Day 1 of the draft can't really be properly discussed without touching on Appel. If Pittsburgh can get the right-hander signed, it's hard to argue that he's not the value pick of the draft at eighth overall. He was the consensus top talent in the country and has the polish, command and stuff of a future ace.
Ty Hensley, RHP, Santa Fe H.S. (Okla.) | Picked By: New York Yankees
Hensley, if some late breaking draft rumors were true, was the second option for the Colorado Rockies with the 10th overall pick. The Yankees selected him at No. 30. That says a lot in itself. Hensley is a classic power right-hander with an easy delivery and an extra large frame. His 92-95 mph fastball and plus 12-6 curveball already give him a good formula for missing bats.
Lance McCullers, RHP, Jesuit H.S. (Fla.) | Picked By: Houston Astros
Most people didn't figure on McCullers and his 98-mph fastball making it out of the first round.
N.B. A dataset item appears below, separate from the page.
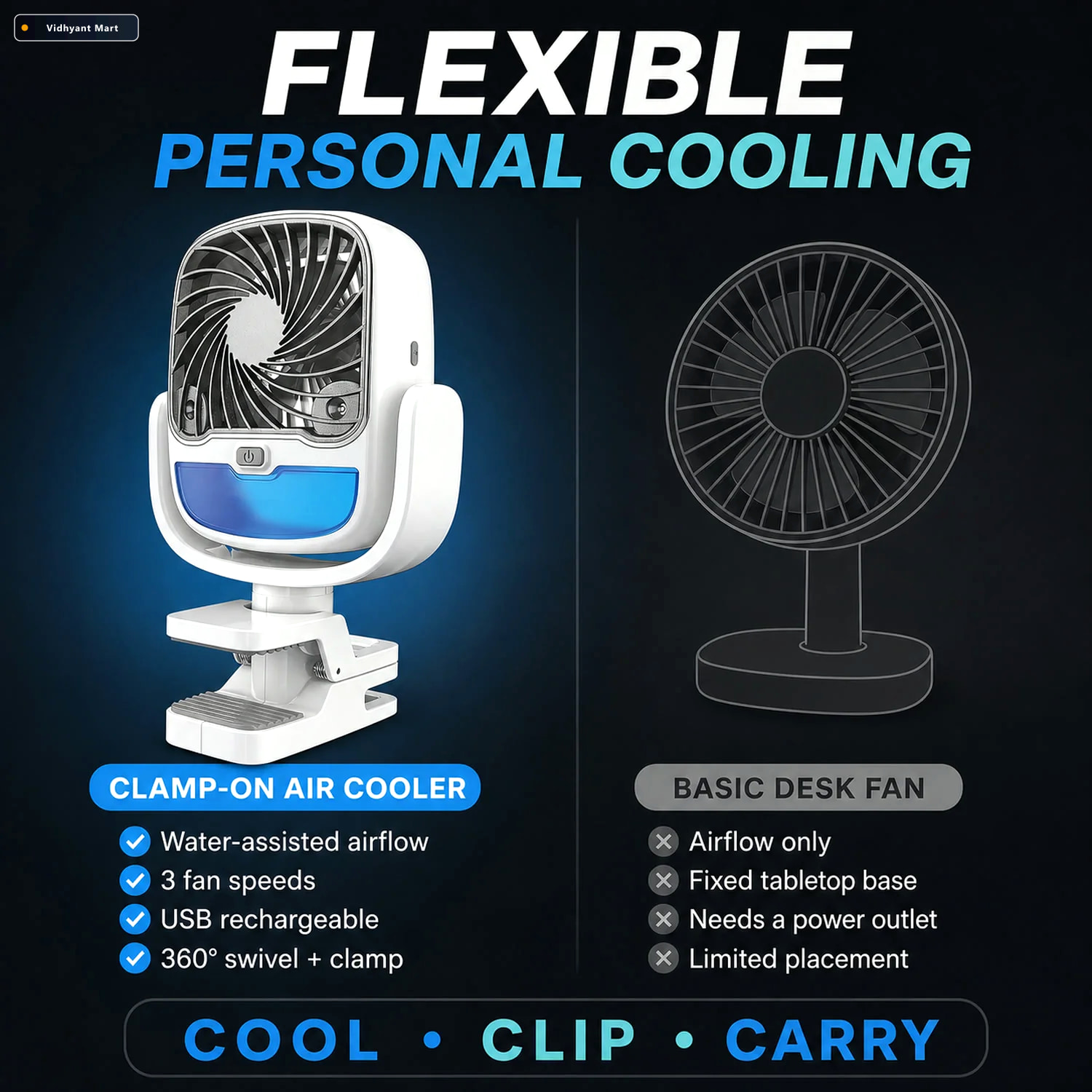 Vidhyant Mart Portable Air Cooler 3 Speed Usb Rechargeable Fan V 3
He's likely going to be difficult to sign for Houston, but given the money they may be able to save on Carlos Correa, this may be doable for the Astros.
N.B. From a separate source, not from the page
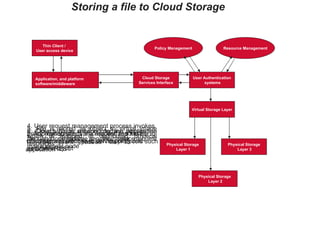Storing a file to Cloud Storage Thin Client /  User access device Application, and platform  software/middleware Policy Management Resource Management Cloud Storage Services Interface User Authentication systems Virtual Storage Layer Physical Storage Layer 1 Physical Storage Layer 2 Physical Storage Layer 3 1. Thin client passes file to application 2. Application sends the request and the file to cloud storage using web service protocols such as SOAP/REST 3. Cloud storage service interface passes the file and metadata to the user request management node 4. User request management process invokes policy management process and resource management process to define policy and determine layout 5. File is stored as object to virtual image which is mapped to distributed physical resources 6. Object ID is returned to the application through cloud storage service interface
Joey Gallo, 3B, Bishop Gorman H.S. (Nev.) | Picked By: Texas Rangers
Typically, teams don't expect to land the best power hitter in the draft outside of the first round. But, the Rangers added just that when they landed Gallo. The lefty swinging Gallo has shown light tower power that has translated well to the wooden bat.
Matt Smoral, LHP, Solon H.S. (Ohio) | Picked By: Toronto Blue Jays
If not for the health questions surrounding his foot, Smoral would very likely have been off the board in the top 25 picks. Instead, he was available to the Blue Jays in the compensation round. The 6-foot-8 lefty projects big, and already has a fastball that sits at 90-93 mph.
Carlos Correa, SS, Puerto Rico Baseball Academy | Taken By: Houston Astros
Correa clearly belonged in the top five conversation, but just about no one in the industry figured on him going first overall. What Correa does incredibly well, though, is showcase. His skills dazzle in infield practice and batting practice. The question, however, is how well those tremendous tools will translate into game action. The Houston Astros rolled the dice on this one and give them credit for being bold if nothing else. Correa could either be a bust or a superstar shortstop at the next level.
Victor Roache, OF, Georgia Southern | Picked By: Milwaukee Brewers
This is one of those surprises that could really pay off for the Brewers. If Roache had played a full spring season and had not injured his wrist, it's possible he could have played himself into a top-15 pick. With two picks in the first round, the Brewers were able to gamble on a potential impact bat with one of those selections. They did just that with Roache.
Brian Johnson, LHP, Florida | Picked By: Boston Red Sox
Make no mistake, Johnson clearly has the ability to be a first round pick. The left-hander's fastball is around 90-91 mph, and he knows how to locate his secondary pitches. However, Boston's selection of him comes as somewhat of a surprise. The Red Sox are not typically associated with conservative picks like this. What he does give them, though, is a fast moving lefty starter that could very quickly be a third or fourth starter in the majors.
Tyler Naquin, OF, Texas A&M | Picked By: Cleveland Indians
Most pre-draft buzz had Naquin going somewhere late in the first round. As it turned out, the Indians drafted him right in the middle of the round. They are getting a very safe bet to advance quickly and become a big leaguer, but the question is about his upside at such a high pick. If Naquin cannot play center field as a professional, his offensive profile in a corner spot is very questionable.
Eddie Butler, RHP, Radford | Picked By: Colorado Rockies
Eddie Butler could be a big-time sleeper for the Rockies.
If you can get an arm like Butler outside of the first round, you jump at the opportunity every time. The rail thin righty cranked his fastball up to 97-98 mph this spring and lives at 94-96 with heavy sinking life. Couple that with his plus slider, and the worst case scenario is the Rockies landed a dynamic late inning reliever.
Jose Berrios, RHP, Papa Juan XXIII (P.R.) | Picked By: Minnesota Twins
It's very interesting to see a pitcher's raw stuff spike after he already seems to have a mastery of his pitches. Berrios sat around 90-93 mph last summer, showing an advanced feel and command for his breaking ball and changeup. This spring, we saw his velocity jump to the 93-95 mph range and he still showed impressive pitching skills.
Mitch Gueller, RHP, WF West H.S. (Wash.) | Picked By: Philadelphia Phillies
The Phillies love to take superior athletes, and this time they took a plus athlete that's going to make his living on the mound. Gueller works at 92-96 mph with his fastball, showing a fast arm and some feel for his breaking ball. He's not a finished product, but the upside is as exciting as any pitcher in the compensation round.